RECORDS FOR THIS EXERCISE: Begin

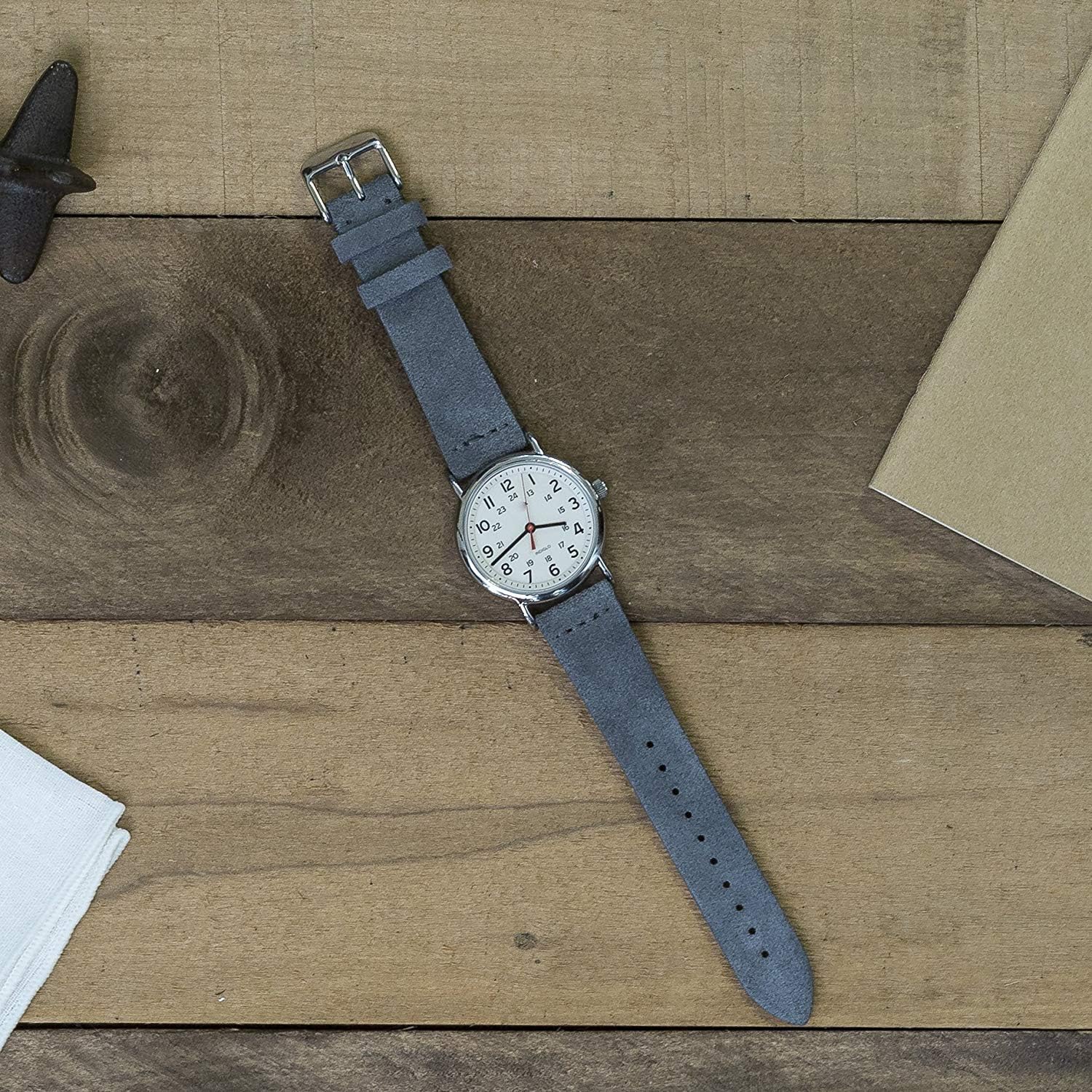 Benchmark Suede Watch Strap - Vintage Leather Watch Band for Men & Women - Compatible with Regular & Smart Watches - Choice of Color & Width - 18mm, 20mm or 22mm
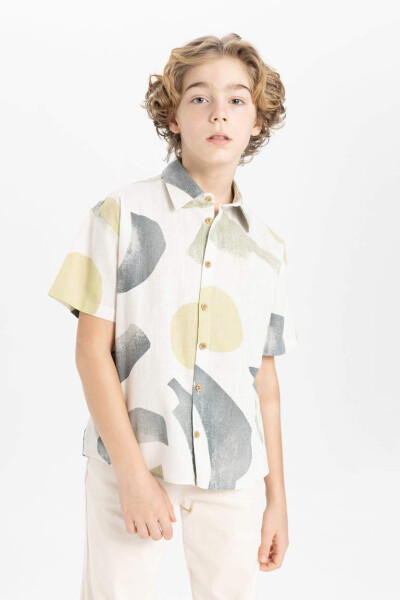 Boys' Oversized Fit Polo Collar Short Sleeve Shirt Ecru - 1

RECORDS FOR THIS EXERCISE: End
RECORDS FOR THIS EXERCISE: Begin

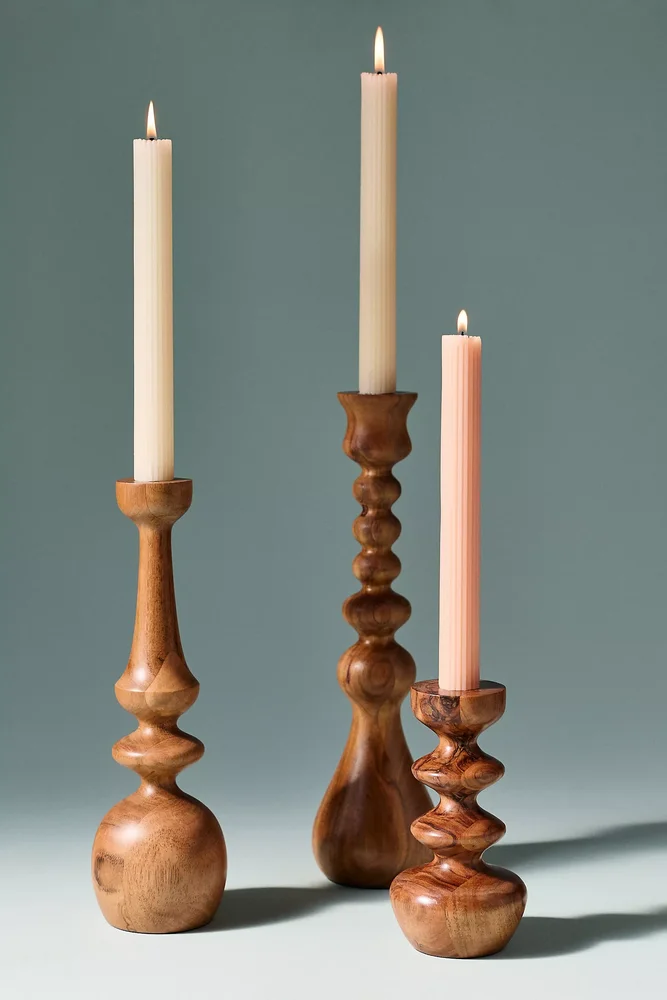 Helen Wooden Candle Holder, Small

RECORDS FOR THIS EXERCISE: End
RECORDS FOR THIS EXERCISE: Begin

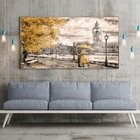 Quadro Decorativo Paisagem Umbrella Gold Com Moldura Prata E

RECORDS FOR THIS EXERCISE: End

**ABOUT THIS TASK:** The output is the stretch above from the line with "Benchmark Suede Watch" through the line with "Boys' Oversized Fit", copied word for word with both ends kept and every picture dropped.

**ANSWER TO THE PROBLEM:**
 Benchmark Suede Watch Strap - Vintage Leather Watch Band for Men & Women - Compatible with Regular & Smart Watches - Choice of Color & Width - 18mm, 20mm or 22mm
 Boys' Oversized Fit Polo Collar Short Sleeve Shirt Ecru - 1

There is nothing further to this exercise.